* **RECORDS SUPPLIED**
===

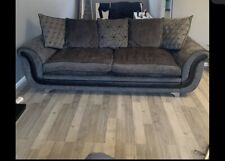 Grey seater sofa for sale  SHEFFIELD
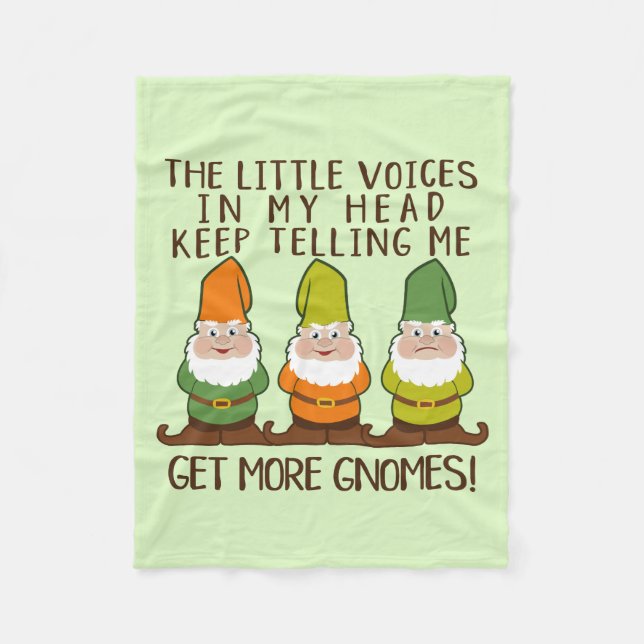 Couverture Polaire Les voix de Littles obtiennent plus de gnomes (Devant)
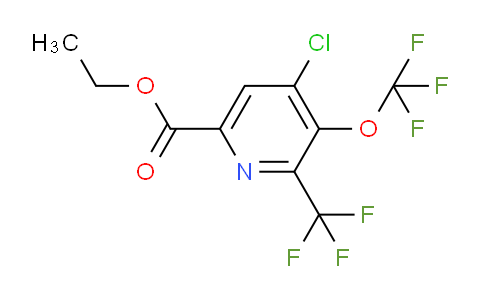 AM72320 | 1804785-94-1 | Ethyl 4-chloro-3-(trifluoromethoxy)-2-(trifluoromethyl)pyridine-6-carboxylate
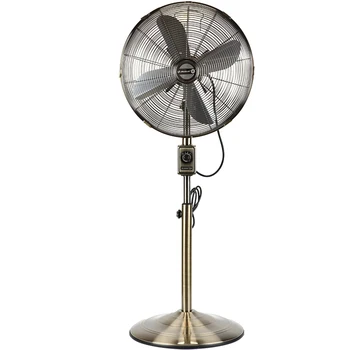 

Floor fan retro bronze color electric fan antique metal nostalgic sitting fan retro metal fan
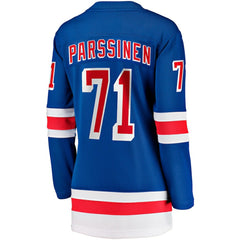 NHL Blue Juuso Parssinen New York Rangers Fanatics Women's Home Breakaway Player Jersey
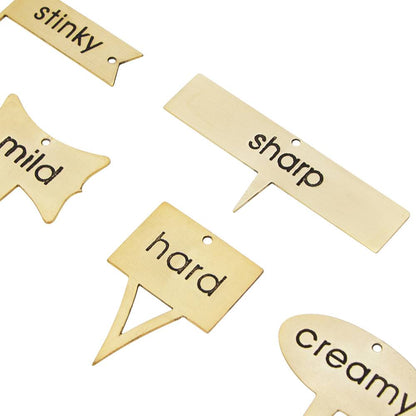 Zola Cheese Markers Set 5x7cm Gold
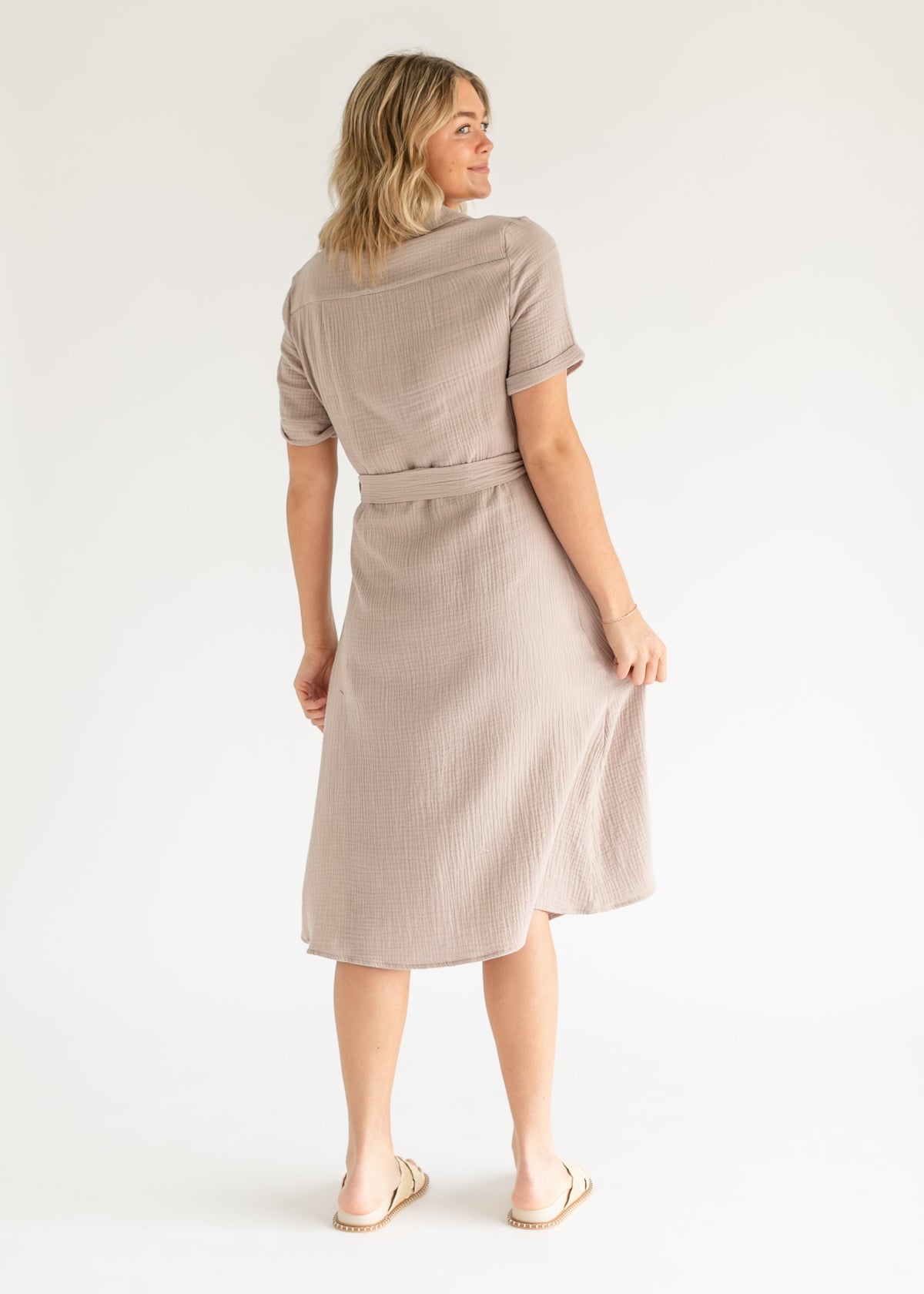 Essential Gauze Shirt Dress - FINAL SALE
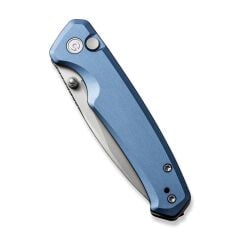 Civivi Altus Button Lock & Thumb Stud Knife Blue Aluminum Handle Çakı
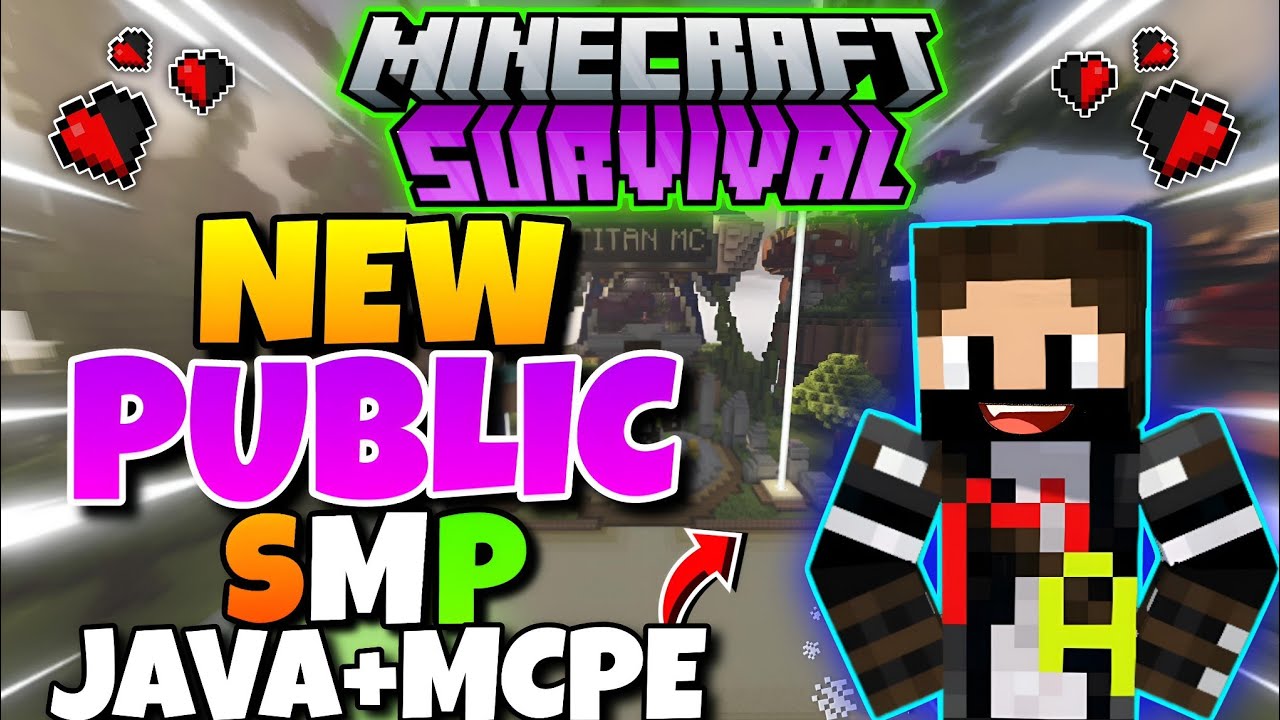 Join Best Survival Public Smp Server For Minecraft 🚨 | Java + PE | 24/7 ...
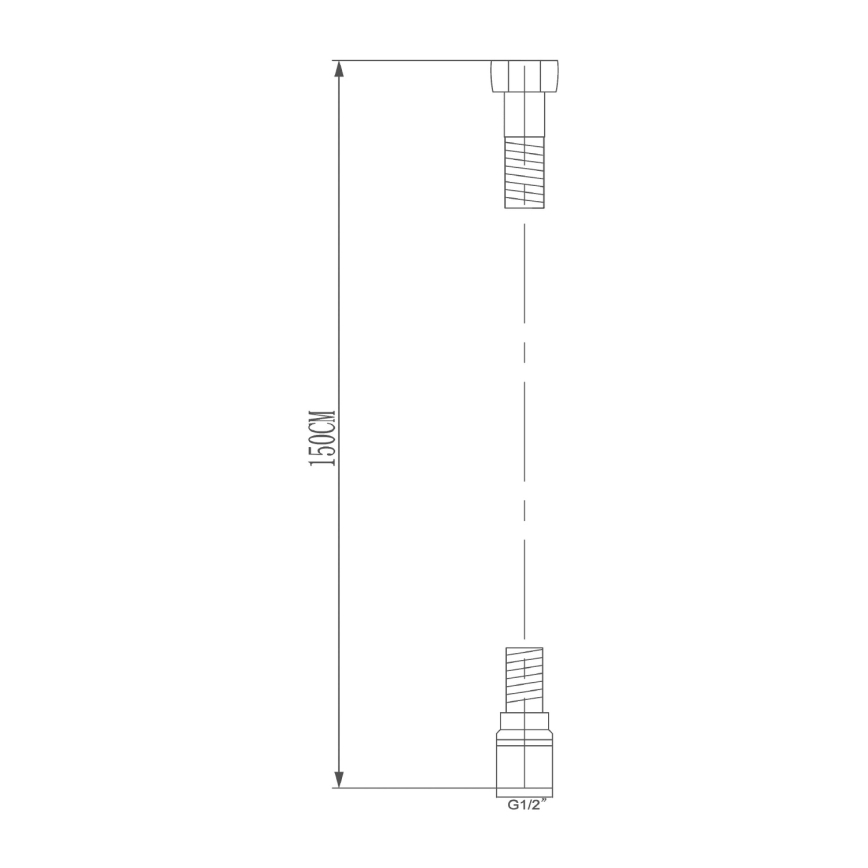 Sapho - tušna cev SOFTFLEX 150 cm, srebrna
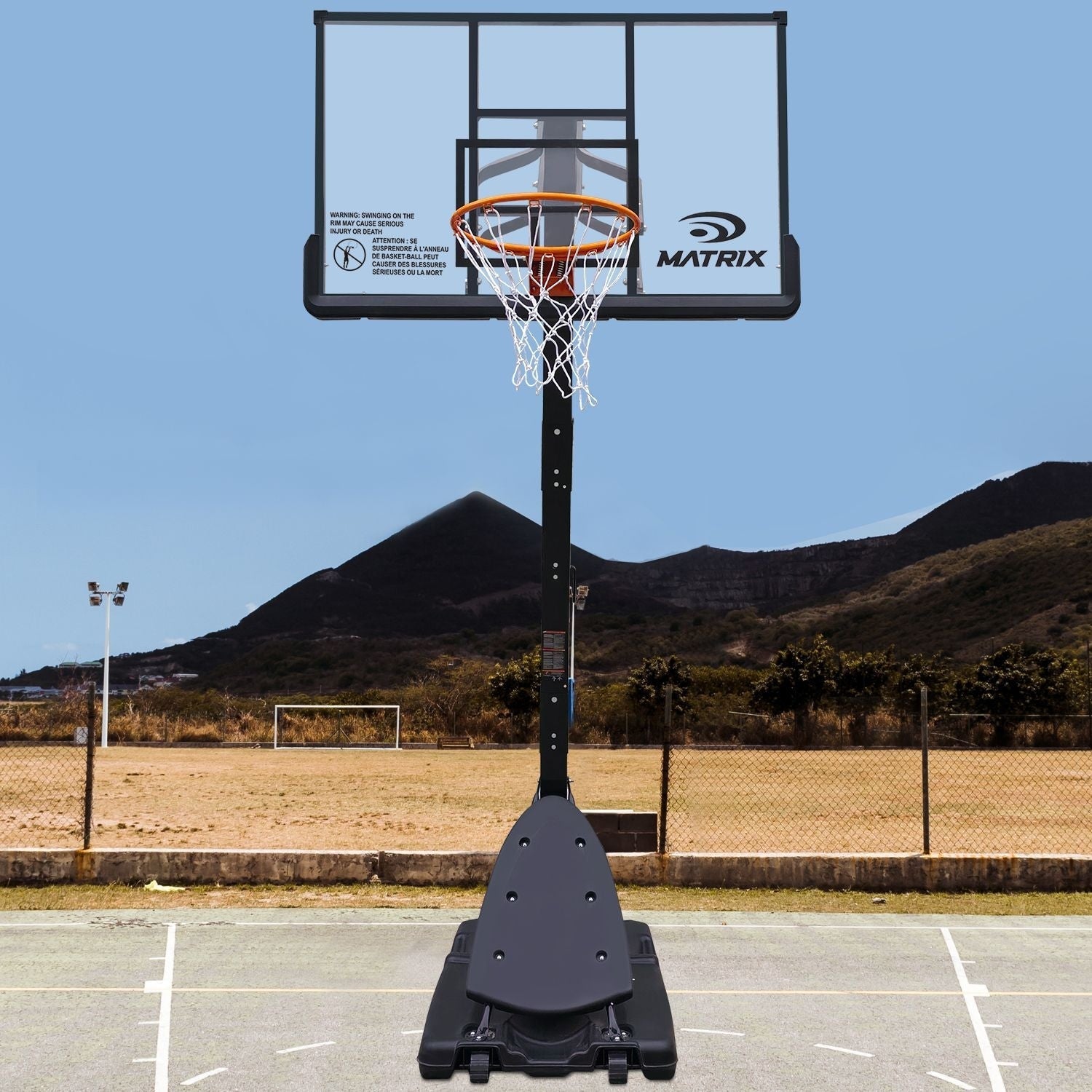 Portable Adjustable Basketball System, 54-in J1J8 - product image 4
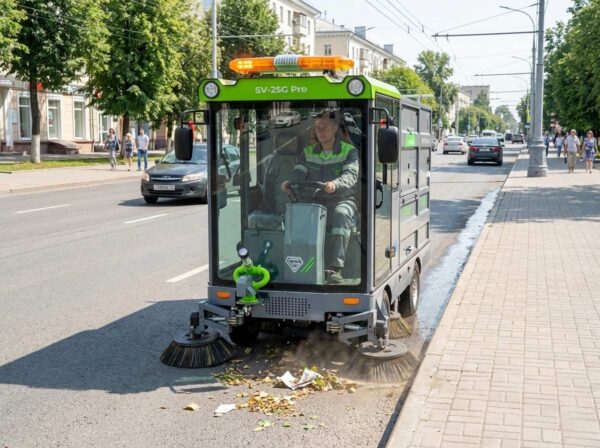 Подметально-уборочная вакуумная машина электрическая SV-25G Pro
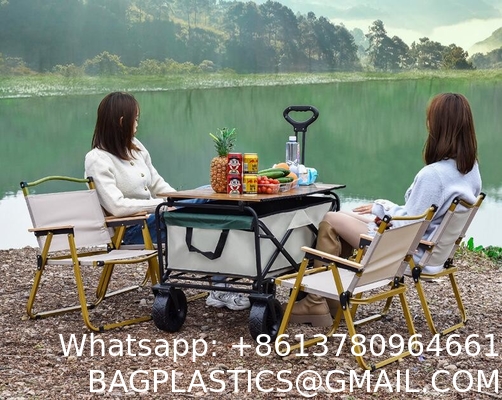 Kermit Chair Foldable Portable Ultra-Light Metal Chair, Portable Wood Beach Chairs, Outdoor Folding Chair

===

This calls for each record above to be set down exactly, with the images skipped.

 Grey seater sofa for sale  SHEFFIELD
 Couverture Polaire Les voix de Littles obtiennent plus de gnomes (Devant)
 AM72320 | 1804785-94-1 | Ethyl 4-chloro-3-(trifluoromethoxy)-2-(trifluoromethyl)pyridine-6-carboxylate

Floor fan retro bronze color electric fan antique metal nostalgic sitting fan retro metal fan
 NHL Blue Juuso Parssinen New York Rangers Fanatics Women's Home Breakaway Player Jersey
 Zola Cheese Markers Set 5x7cm Gold
 Essential Gauze Shirt Dress - FINAL SALE
 Civivi Altus Button Lock & Thumb Stud Knife Blue Aluminum Handle Çakı
 Join Best Survival Public Smp Server For Minecraft 🚨 | Java + PE | 24/7 ...
 Sapho - tušna cev SOFTFLEX 150 cm, srebrna
 Portable Adjustable Basketball System, 54-in J1J8 - product image 4
 Подметально-уборочная вакуумная машина электрическая SV-25G Pro
 Kermit Chair Foldable Portable Ultra-Light Metal Chair, Portable Wood Beach Chairs, Outdoor Folding Chair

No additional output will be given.